Indeed, I was making the general point.
It is just different and I've enjoyed it too. But variety and tradition is great and we should preserve it in the UK, the Alps (MUCH more of THREAT THERE...) etc.
Unless you are talking about France's admittedly vast amount of limestone suitable for momoculture sport, I think that is very, very debateable. I could never live in France because of it's lack of quality and variety.
They don't get it because they have no experience. Far from having so much of it, they have almost none of it
Yes. It's scandalous.
> But I agree that pegs are generally undesirable (though not as undesirable as bolts).
What about stakes?
More like pegs. They can't be placed soundly just anywhere and are in principle removable. One could reasonably carry a couple of stakes and a big hammer when climbing on sea cliffs.
dynamic ropes, modern clothing, photographic topo's........
> More like pegs. They can't be placed soundly just anywhere and are in principle removable. One could reasonably carry a couple of stakes and a big hammer when climbing on sea cliffs.
Just don't it around St Govans Head, some dude from the M.o.D. got pissed with us for placing some good Iron mongery...
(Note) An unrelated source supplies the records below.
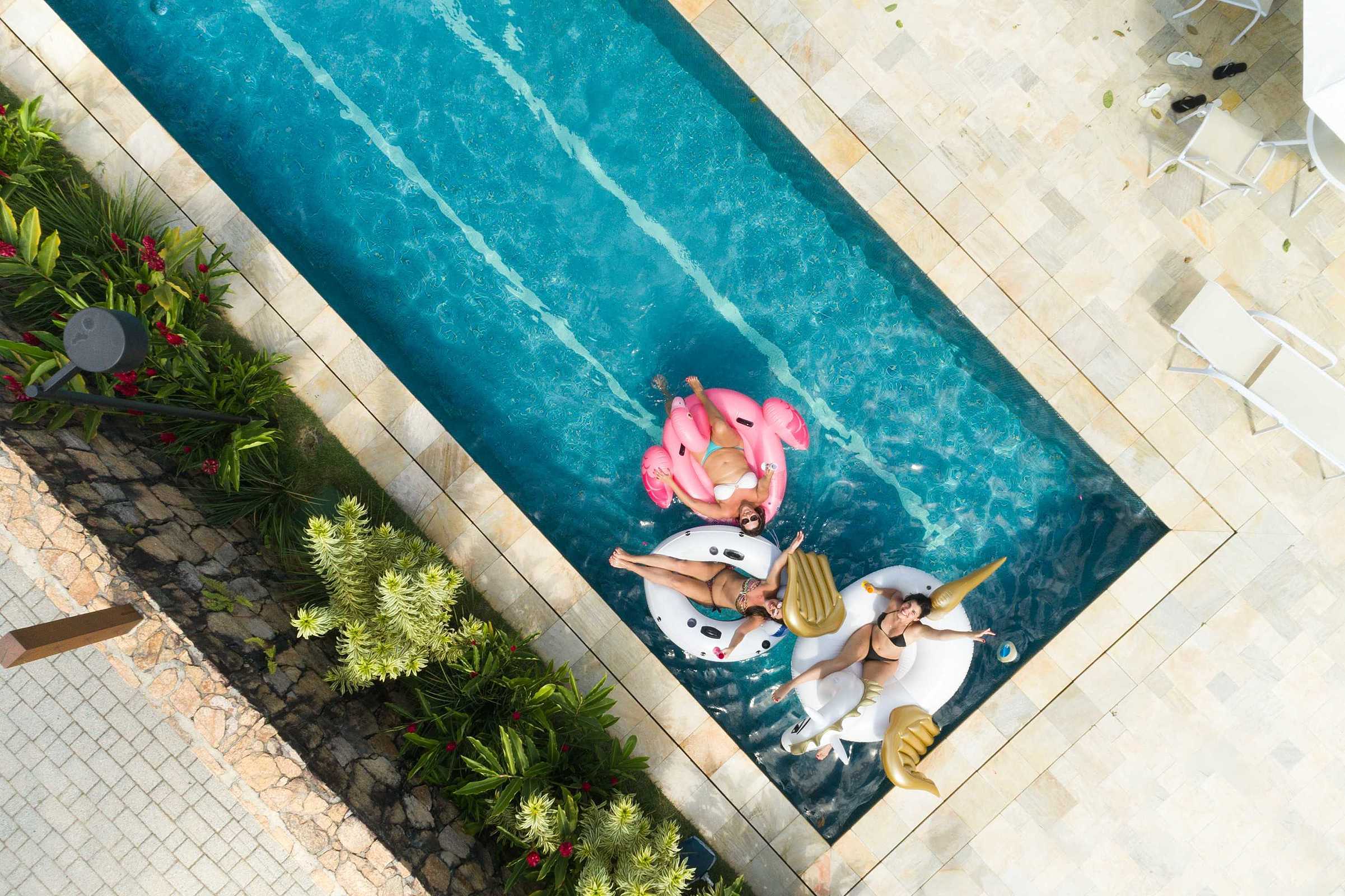 pedras para piscina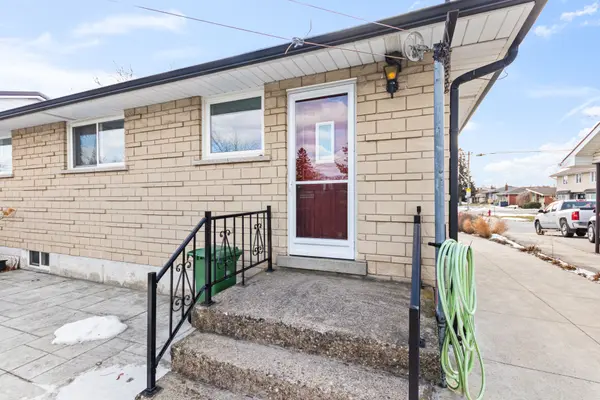 19 Secord DR, Hamilton, ON L8K 3W6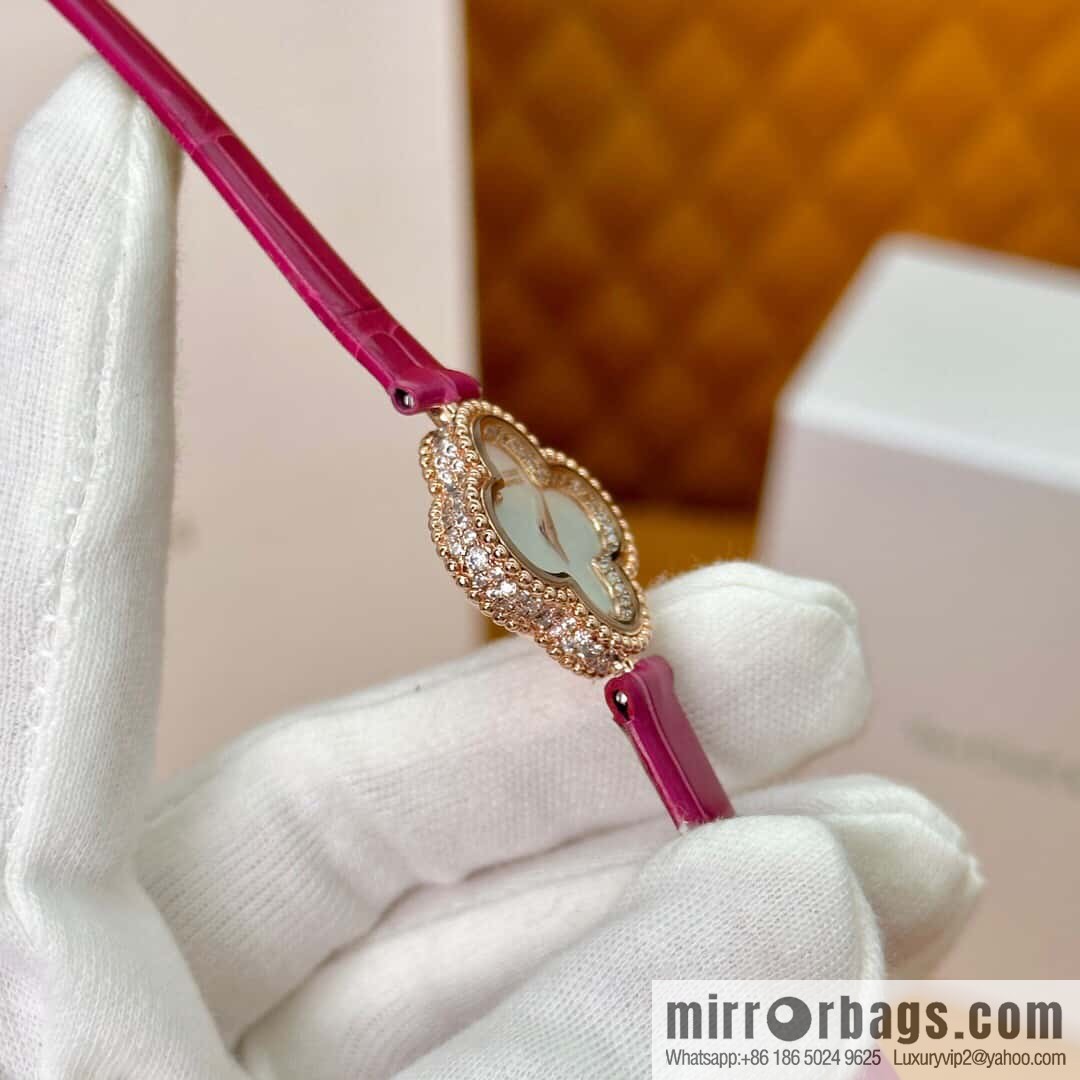 Van Cleef & Arpels ALHAMBRA series, model: VCARO8WSOO original Swiss quartz movement of the same model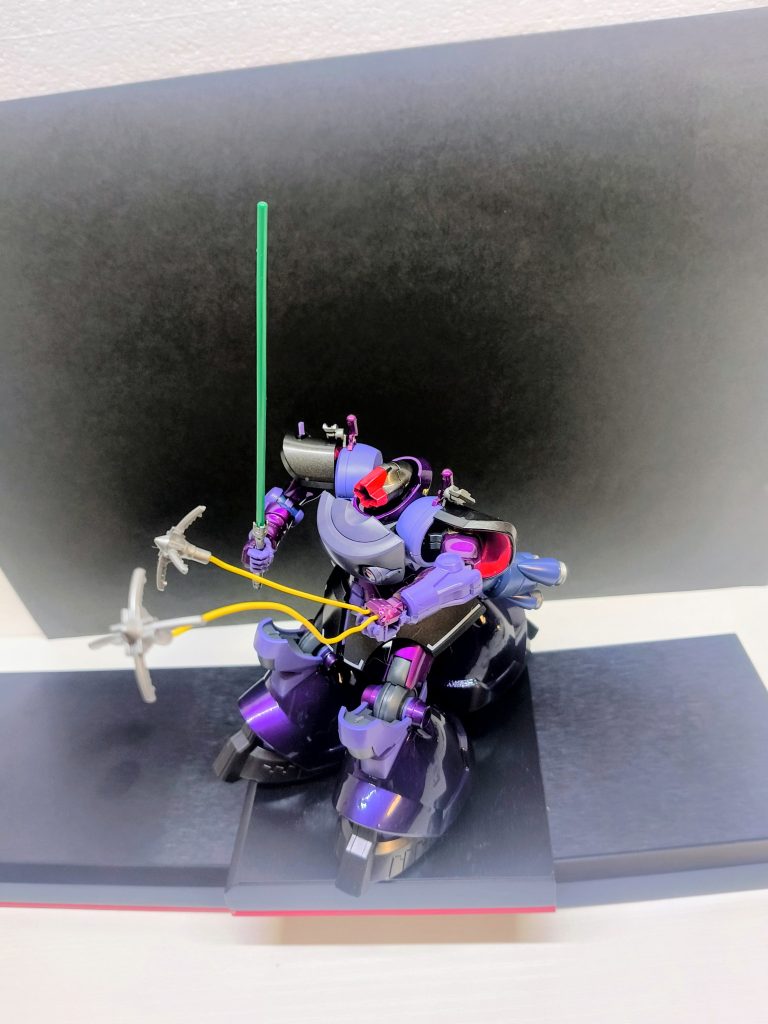 電磁ハーケン付けてみたこれ付けたら必然的に接近戦なので当然ヒートサーベルです個人的にはビームサーベル(ビームなる物を射出した物を丁度良い長さで留める夢の様な技術)よりかは現実的にあり得る物なので野暮ったいが好きです。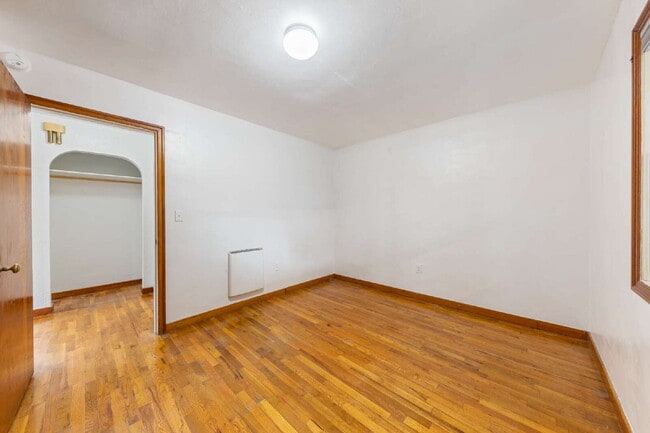 Building Photo - Charming Remodeled Duplex: Pet Friendly!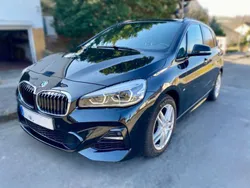 Schwarz Gebraucht 2019 BMW 218 Active Tourer M Sport Van / Kleinbus | 19.900 € (Fairer Preis)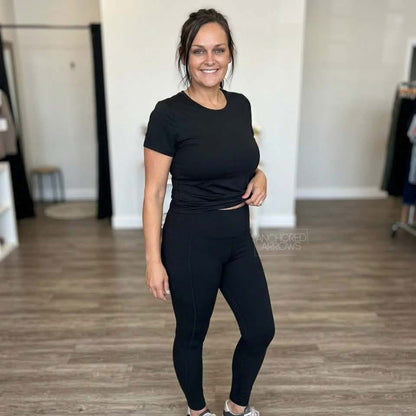 PRE-ORDER Anchored Arrows Classic Comfort Full Length Leggings in black w/pockets
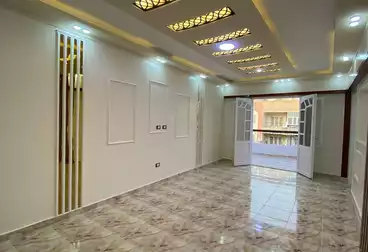 Apartments For sale - 2 rooms - floor 5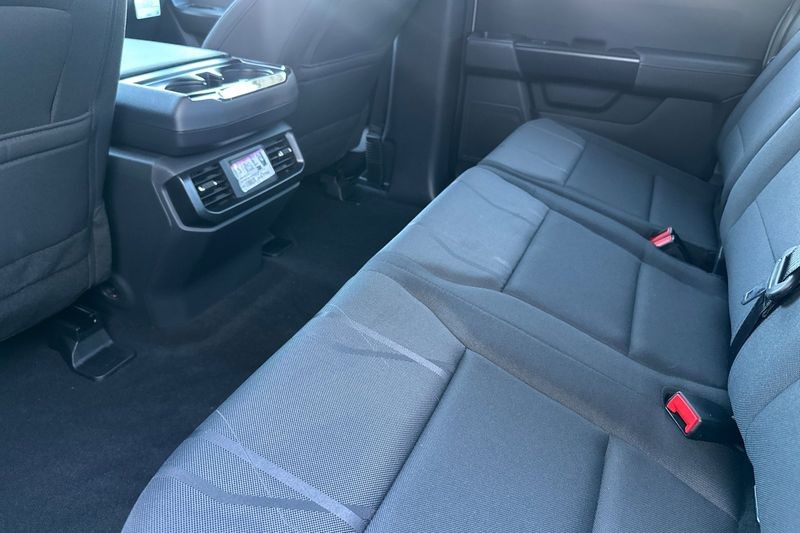 Ford F-150 Vehicle Full-screen Gallery Image 12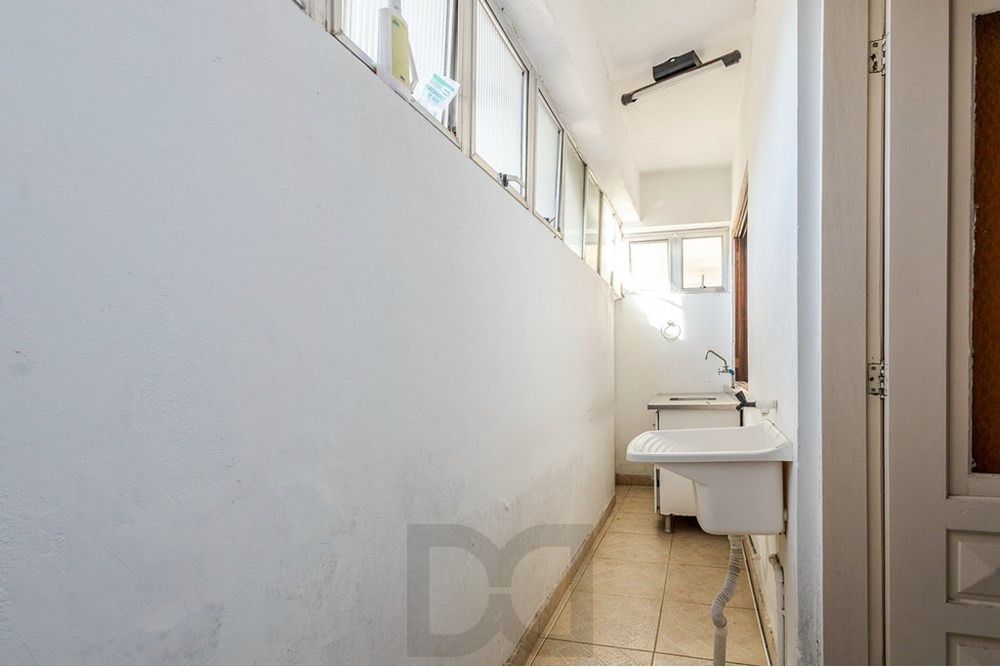Casa com 4 quartos, 7 vagas e pátio no Bairro Higienópolis — foto 22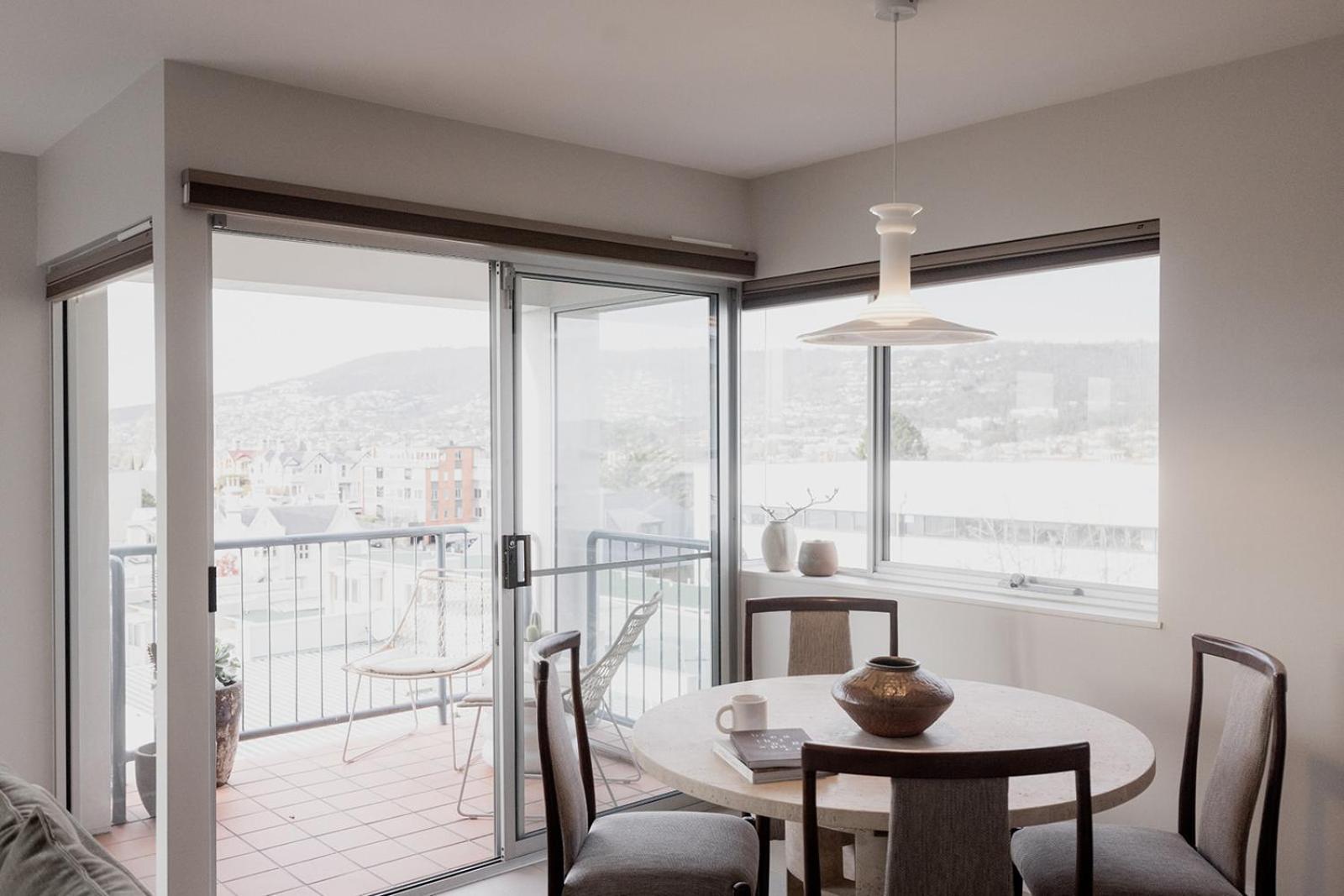 Battery Point Retreat With River Views * Hobart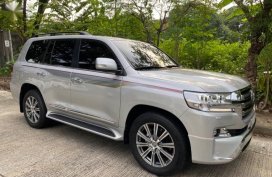 Selling Silver Toyota Land Cruiser in San Lorenzo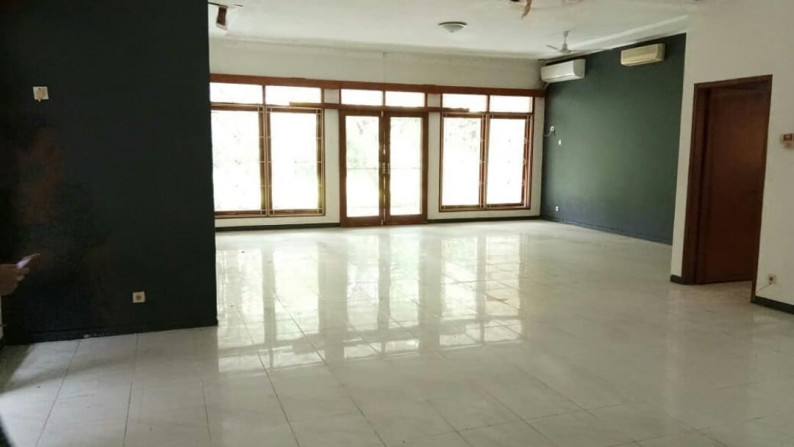 For Sale - Rumah Perlu Renovasi di Kawasan Elite Kemang Utara Bebas Banjir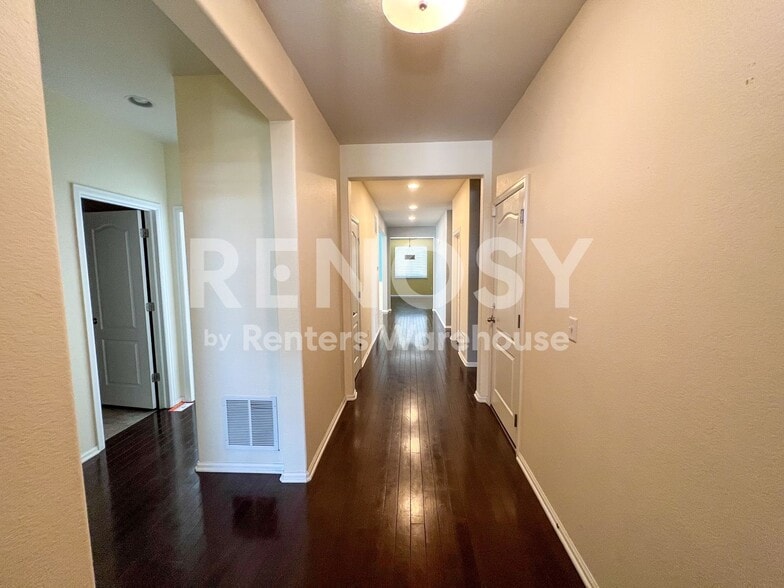 Building Photo - 25104 E Pinewood Pl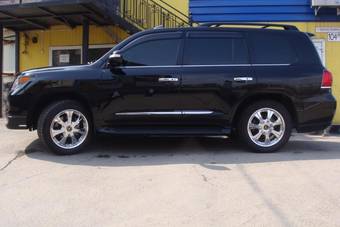 2008 Lexus LX570 Photos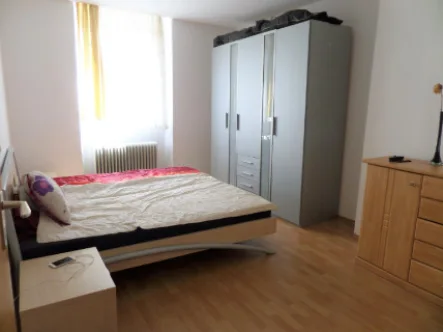 WG Zimmer - Wohnung mieten in Zell - WG Zimmer frisch renoviert, bereit zum Einzug!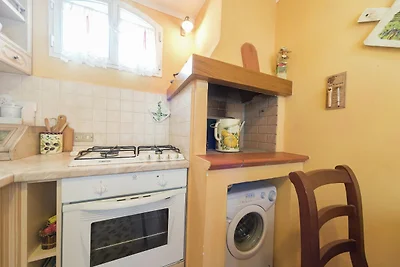Wohnung in einer Villa mit Pool in der Mitte ...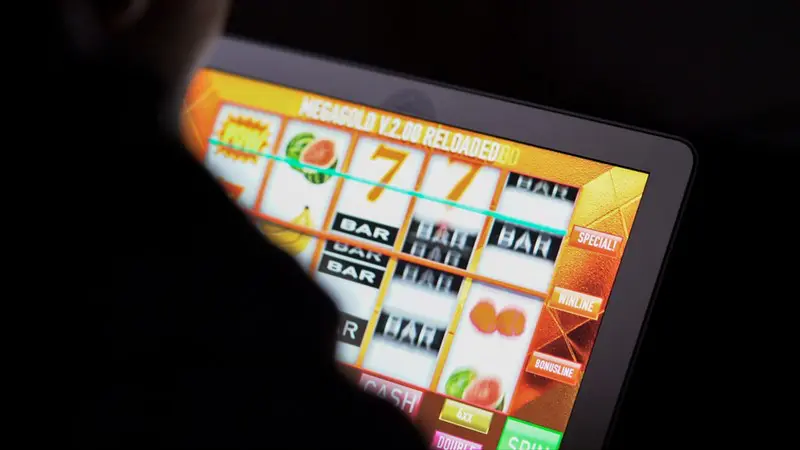 オンラインカジノでジャックポットが当たる確率はどれくらい？宝くじとどっちが当たる？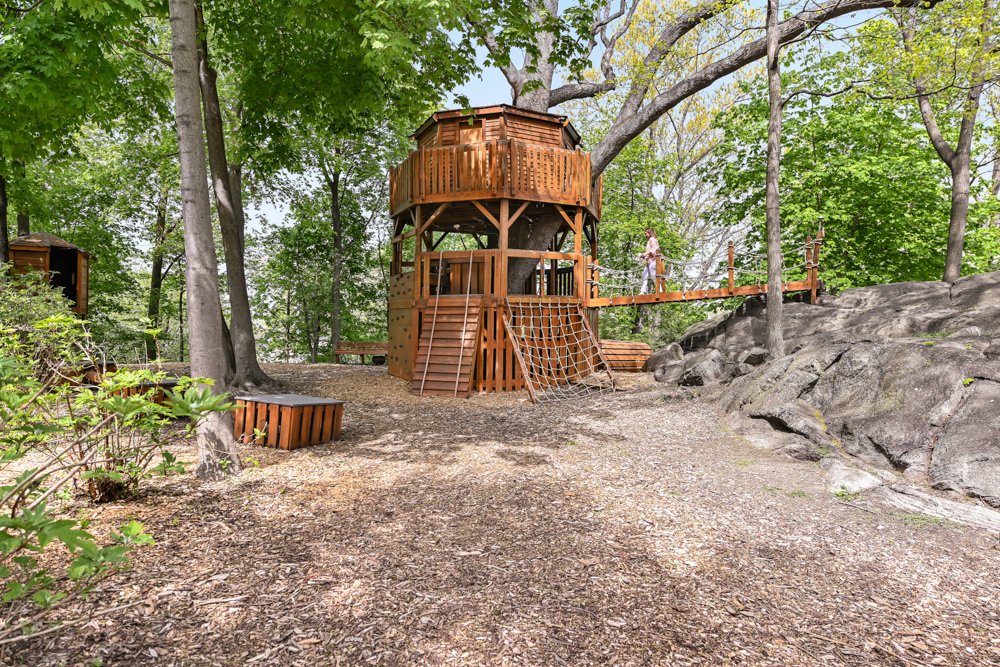 Outdoor 4.jpg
> Unless you are talking about France's admittedly vast amount of limestone suitable for momoculture sport, I think that is very, very debateable. I could never live in France because of it's lack of quality and variety. They don't get it because they have no experience. Far from having so much of it, they have almost none of it
I can't let you get away with saying that ! What is it that we haven't got here; grit ? The Pyrénées have a wide range of rock : granite, limestone, schistes, sandstone, andesite and pudding stone.
The N Face of the Vignemale ( direct exit ) is over 1000m. There are routes of over 600m on the Pic de Midi d'Ossau. There's nothing like that in the UK and I haven't mentioned the Alps !
I see, you want a top rope and arrows draw on each route with green paint for hand holds and pink for feet. You also want zipwires placed at the top, and a ladder at the side of each route with a vf installed incase you struggle at any poinf. Not convinced? Neither am I. Dolt.
> I can't let you get away with saying that ! What is it that we haven't got here; grit ? The Pyrénées have a wide range of rock : granite, limestone, schistes, sandstone, andesite and pudding stone.
Ok, I stand corrected, but I think it would be fair to say that for most French there is a relatively much more convenient and ample supply of bolted limestone which they understandably get stuck into rather than trad climbing and that they therefore generally don't experience trad and therefore struggle to understand it.
No. Nothing really ethical about rotting tat and shoogly pegs.
That's kind of what I'm thinking. I'd only ever propose bolting or fixing chains to replace anchors which are manky and/or dangerous.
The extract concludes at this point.